Les neuf travailleurs coincés sous terre à l'intérieur de la mine Westwood d'Iamgold à Preissac, en Abitibi-Témiscamingue, ont tous été évacués et ils sont sains et saufs.

Après près de 18 heures coincées sous la terre, les mineurs ont été rescapés mardi vers 21h30 par les équipes de secours, a confirmé le directeur de la mine, Sylvain Lehoux.

Les mineurs évacués sont épuisés, a indiqué M. Lehoux, qui a ajouté qu'ils avaient pu parler aux membres de leur famille.

Les travaux ont été longs et pénibles, selon le représentant syndical des Métallos dans la région, Marc Thibodeau. La machine supposée creuser un tunnel jusqu'aux mineurs a subi un bris mécanique alors qu'elle était à une dizaine de mètres des neufs employés, a-t-il indiqué.

Selon M. Thibodeau, les mineurs avaient un «bon moral» à leur sortie sur la terre ferme. Ils étaient cependant «affamés», alors qu'ils n'avaient pas accès à de la nourriture dans la mine.

L'accès à la mine a été bloqué à la suite d'un événement sismique. Un déplacement d'une masse rocheuse est survenu en raison d'un événement sismique, a indiqué le dirigeant de la mine.

L'étage 104, où est survenu l'incident, est un nouveau secteur en développement établi sur la faille de Cadillac. Ce genre d'événement sismique se produit de «temps en temps», selon M. Lehoux.

Un employé avait pu être évacué de la mine vers 13 heures, alors qu'il se trouvait dans une portion plus rapprochée de l'entrée.

Le directeur de la mine et le représentant des Métallos ont fourni des versions opposées sur l'état de santé du premier mineur évacué.

Ainsi, alors que le syndicat Métallos soutient que l'employé évacué en après-midi souffrait d'un choc post-traumatique, le directeur de la mine a juré que l'individu était calme, avait un bon état psychologique et qu'il était à être évalué.

Le représentant syndical des Métallos dans la région affirme que l'événement que les neuf mineurs ont vécu a tout le potentiel pour être «traumatisant».

«Après l'effondrement, ça a craqué pendant deux heures de temps. Le terrain travaillait et c'était comme des explosions. Lorsqu'on est pris et que ça continue à craquer, on a peur qu'il y ait d'autres effondrements et que ça tombe.
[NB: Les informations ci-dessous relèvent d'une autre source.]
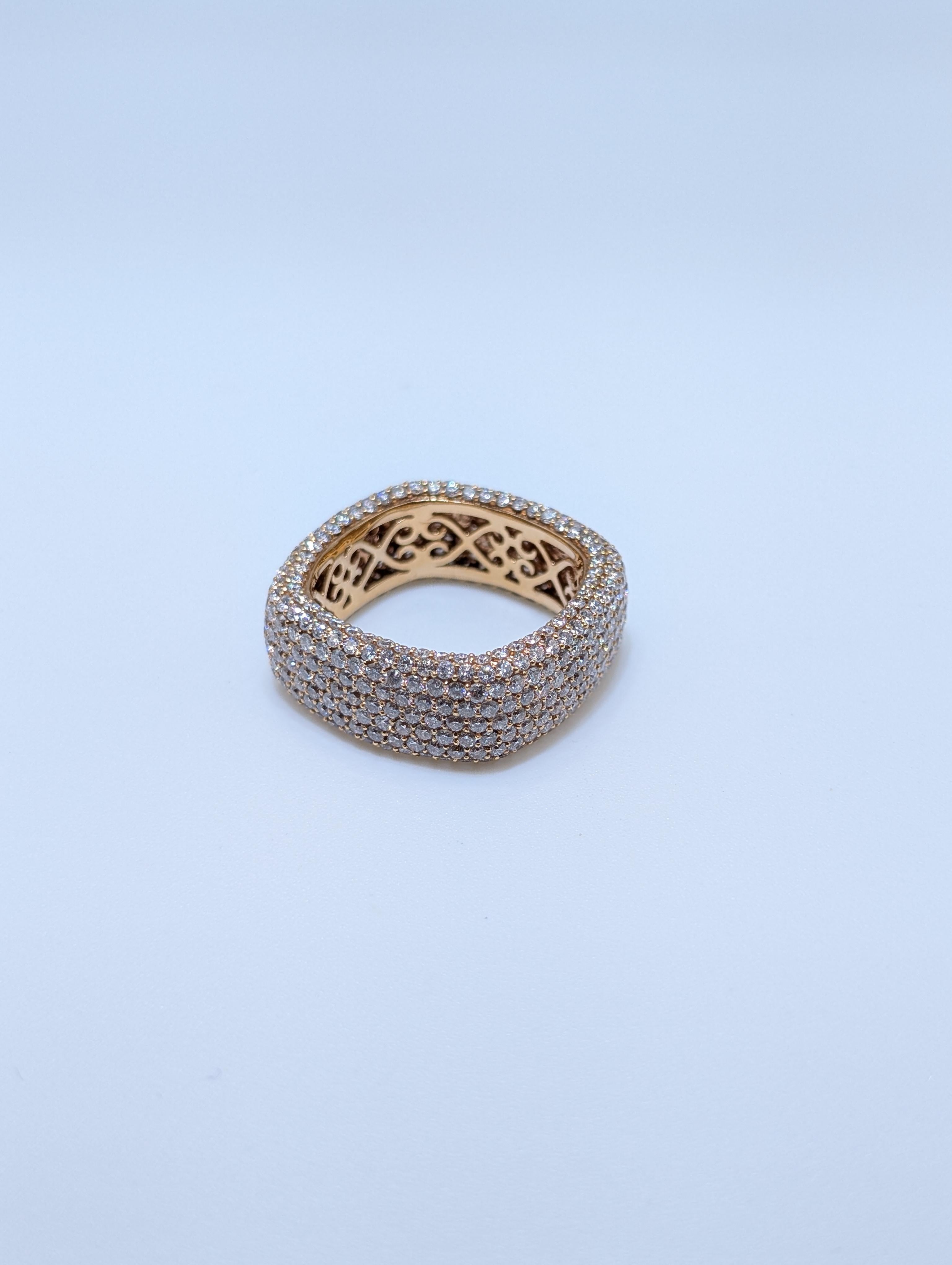 da uomo o donna 18k Rose Gold Diamond Pave Set Diamond Ring in vendita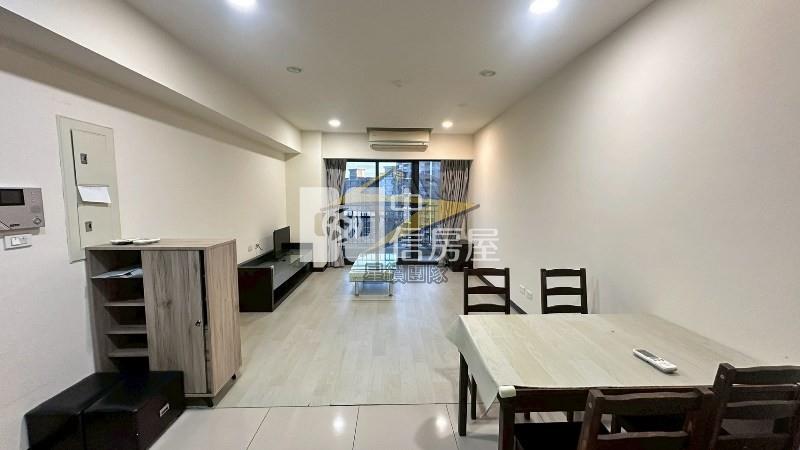 【星鑽】高鐵站前大3房車前後陽台房屋室內格局與周邊環境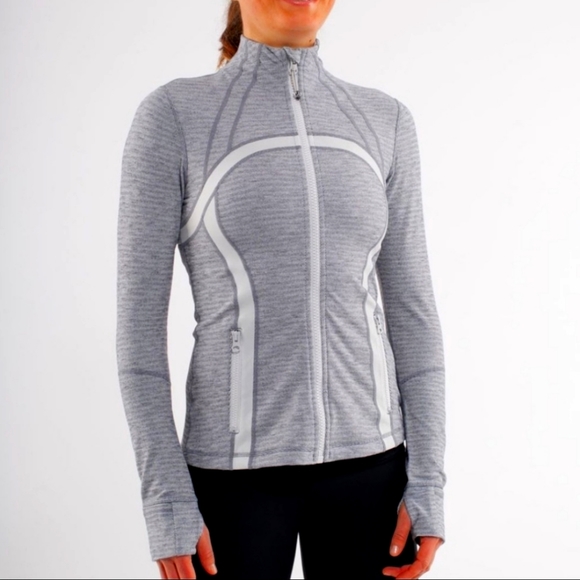lululemon athletica Tops - Lululemon define jacket in Pique silver spoon size 2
C'est épeurant», a soutenu Marc Thibodeau.

Selon le directeur de la mine, l'installation de nouvelles technologies, en cours depuis un an, devrait aider à mesurer l'activité sismique et permettre de prévenir que des mineurs soient à nouveau captifs.

«Ce n'est pas normal qu'il y ait des événements comme ça. On veut prévenir ça», a affirmé M. Lehoux.

Le représentant régional du Syndicat des Métallos, Marc Thibodeau, s'est dit inquiet puisqu'il s'agit du deuxième incident du genre à survenir au même endroit en quatre mois.

Le 22 janvier, quatre hommes s'étaient retrouvés coincés sous terre dans la même mine d'or, située entre Val-d'Or et Rouyn-Noranda.

«Le premier coup, c'était quatre personnes. Là, ce sont neuf personnes. On a été chanceux les deux fois. On est inquiet. Côté syndical, on est inquiet. On ne peut pas tolérer une situation comme ça et mettre notre monde à risque. On est proche d'une fatalité», a commenté M. Thibodeau.

L'entreprise a avisé la Commission de la santé et de la sécurité du travail, qui enquête sur l'incident.